Discovering the existence of magnetic fields on the sun
        *Zeeman discovers that magnetic fields split spectral lines
        *Hale uses Zeeman technique on solar spectrum and discovers strong magnetic fields on the solar surface.
        *Astronomers use satellites and spacecraft to analyze the sun's magnetic fields
Magnetic fields, solar plasma, and radiation
        *Nature of plasma (ionized gas, free electrons)
        *Magnetic field lines created by plasma motion in the solar interior.
        *Mutual annihilation of magnetic fields produce intense heat and energy
        *The solar corona heated by tangled  magnetic fields,  coronal holes.
Reversed polarities and the magnetic field
        *The sun's polarity changes every eleven years
        *Differential rotation of the sun creates tangled magnetic lines
Unraveling the magnetic fields: possible explanations of the inexplicable
        *Rebirth of the solar magnetic field every eleven years
        *Toroidal fields are sloughed away and magnetic reconnection restores the poloidal field
        *Possible explanations for observed solar phenomena
 
 
 
 

Discovering solar magnetic fields

    In 1896 physicist Pieter Zeeman discovered a special relationship between spectral emission lines and magnetic fields.(Kippenhahn, R.; pg. 98)  Spectral emission lines are  brightly colored  lines on a spectrum that correspond to the energy released from excited electrons of certain elemental gases.  The most commonly recognized emission line is the hydrogen alpha line in the red area.  This is most likely because hydrogen is the most common element in the universe.  Zeeman discovered that if a gaseous element was heated enough to exite the electrons in the presence of a strong magnetic field, the resulting emission line would be split in two or more segments.  He also determined that the strength of the magnetic field is directly proportional to the width of the split in the emission line.
    About ten years later a young physicist by the name of George Ellery Hale discovered the Zeeman effect on emission lines of the solar spectra. (Lang, K.R., pg. 77, 1997)  Hale was responsible for the invention of the spectroheliograph, an instrument used to measure and analyze the solar spectra, as well as the development of the first modern solar observatory at Mt.

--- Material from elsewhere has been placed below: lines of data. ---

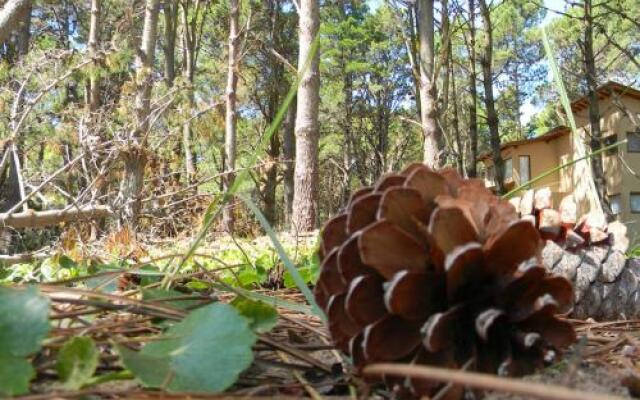 Lodge Descansos del Este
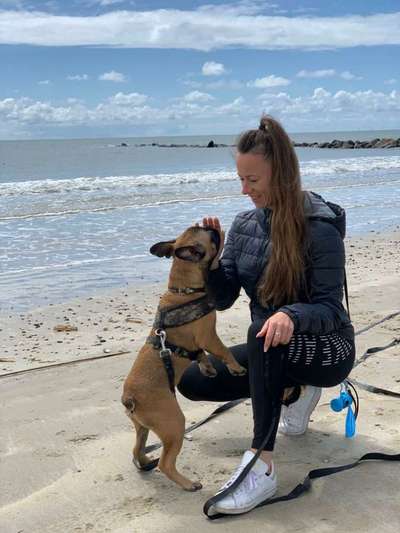 Hundetreffen-Frenchie Bulldoggen-Treff-Bild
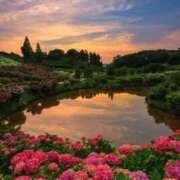 ヒメ日記 2025/07/01 17:11 投稿 なつこ巨乳癒し系マダム 熟女パラダイス岐阜店（カサブランカグループ）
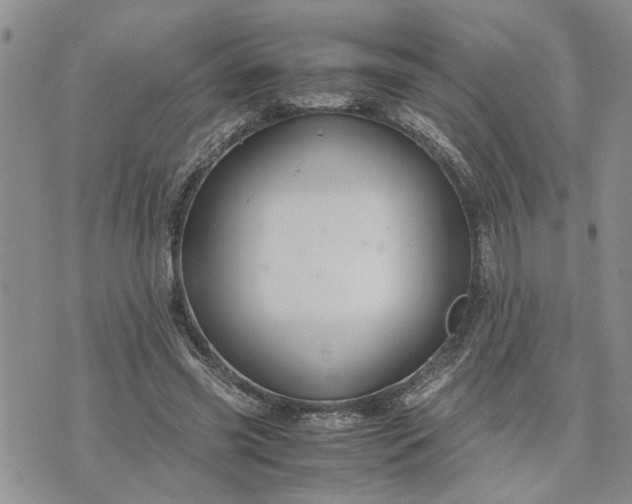 X0000071860541200607141817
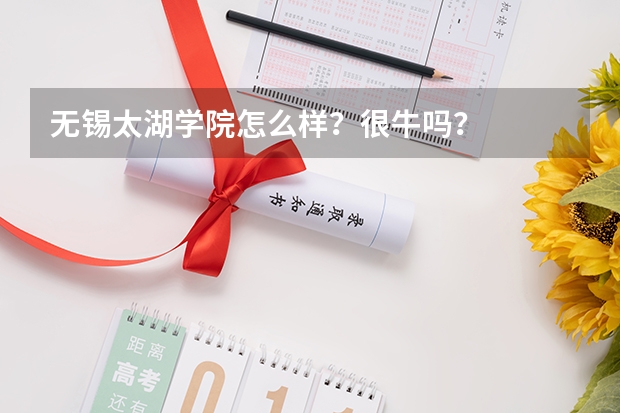 无锡太湖学院怎么样？很牛吗？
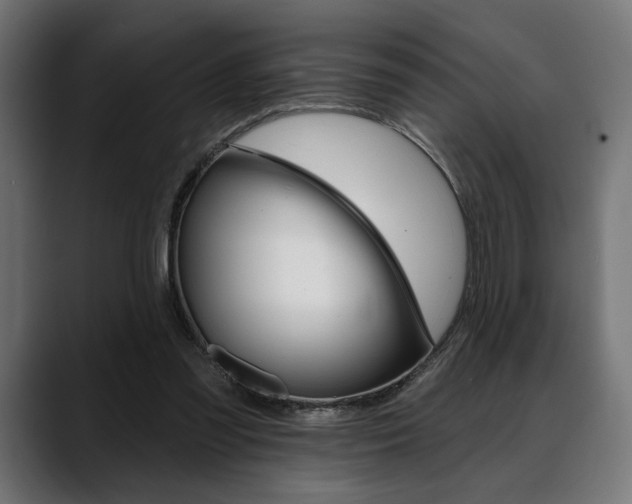X0000088630301200705250904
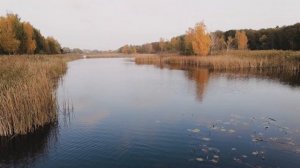 ароматизаторы которые рыба чувствует за километр! Какие запахи привлекают карпа осенью?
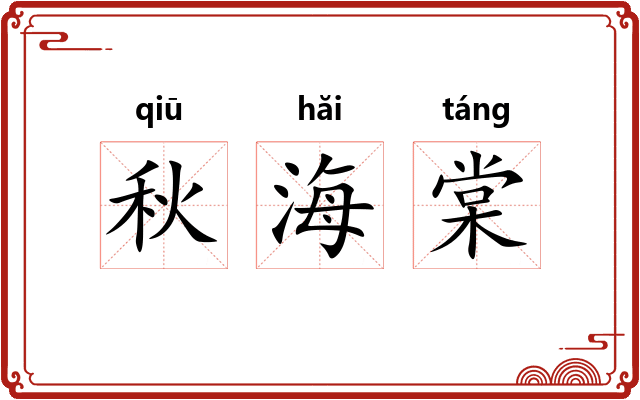 秋海棠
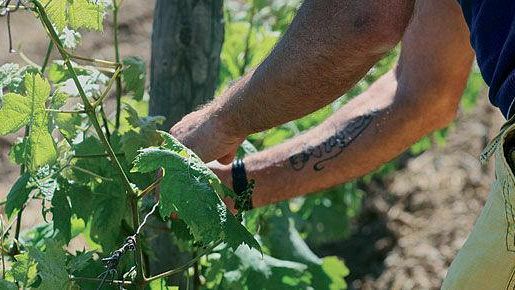 Trapani, nuova stangata sugli agricoltori. L’Imu agricola colpirà duramente anche la Provincia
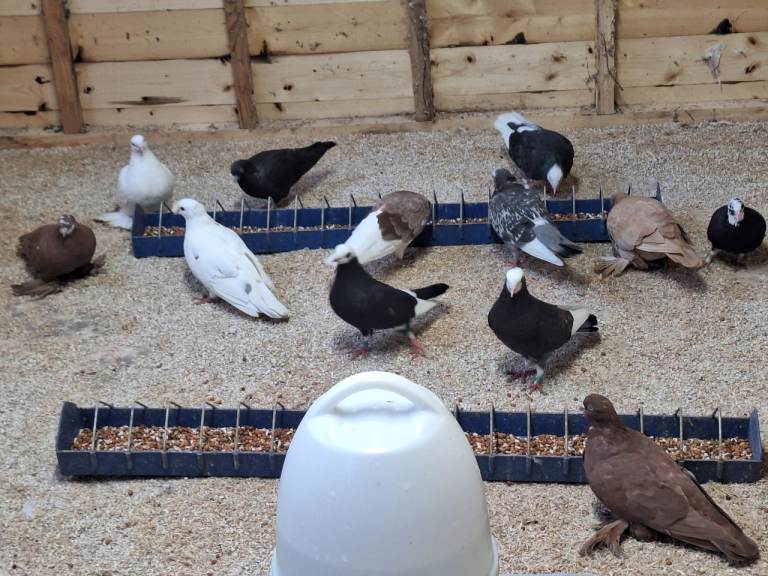 Birds 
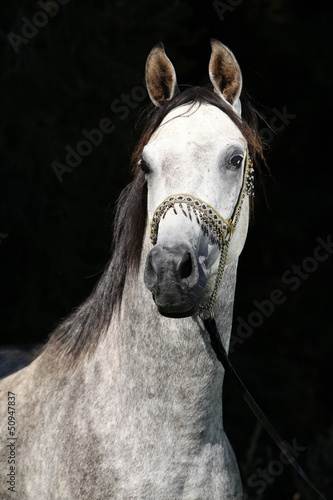 Nice arabian stallion with show halter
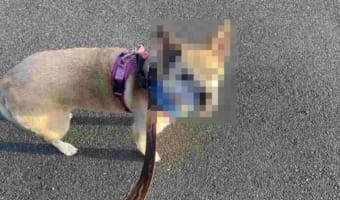 散歩に出かけたものの10分で帰宅したワンコ。その時に見せた表情ときたらもう！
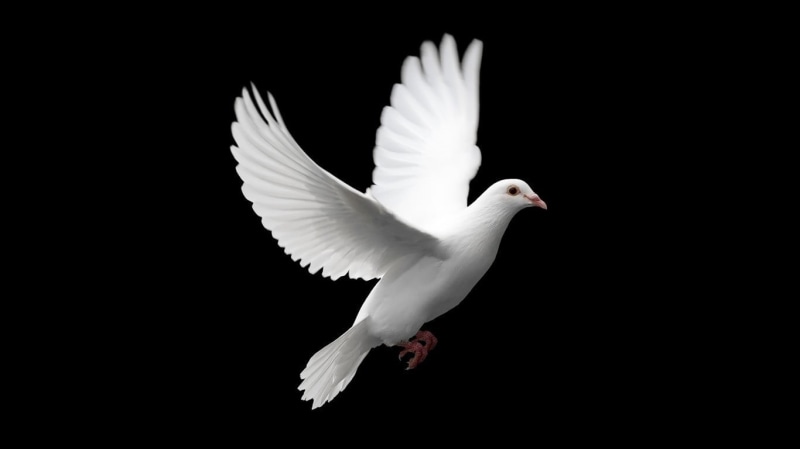 copy space, studio shot, spread wings, white color, animals, animal wildlife, animal, flapping, black background, full length, pigeon, pigeons, flying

Wilson, California.  He found that when sunspots were observed through the spectroheliograph, the emission lines were widely split; evidence of a strong magnetic field.  In fact, the results implied that the Sun produced magnetic fields that were almost three thousand times stronger then the magnetic field of the Earth.  These discoveries were the very beginning of an entirely new branch of physical and astronomical research.
    Careful observations and tracking of solar features led to many theories and models of the inner workings of the Sun and its magnetic fields.  Labs tried to recreate, on a much smaller scale, the interactions between solar plasma, magnetic fields, and radiative transfer through the Sun.  Only in the past five years, with the implementation of two spacecraft, Ulysses and SOHO, have scientists been able to make significant progress in their understanding of the Sun's inner workings.
    Launched in 1990, carried by the space shuttle Discovery, Ulysses was designed to collect data from a unique orbit around the Sun.  Using Jupiter's powerful gravity field as a slingshot, Ulysses was swung out of the plane of the orbiting planets and into an orbit around the Sun from which it would be able to observe and collect data from the north and south poles.(Wang, Yi-Ming, et al; pg. 464)  As it takes a long time to travel out to Jupiter and then to reach a position high above the solar south pole,  data from the polar regions did not start to reach Earth until 1994.  Approximately one year later on December 1995, SOHO (Solar and Heliospheric Observatory) was launched into orbit around the Sun.   SOHO maintains a stationary orbit between the Earth and the Sun, at a distance of about one million miles from the planet.(Lang, K. R.; Scien. Am., pg. 40)  Complimentary data from these two satellites is helping solar physicists around the world to gain a much better comprehension of what is really going on inside of our sun.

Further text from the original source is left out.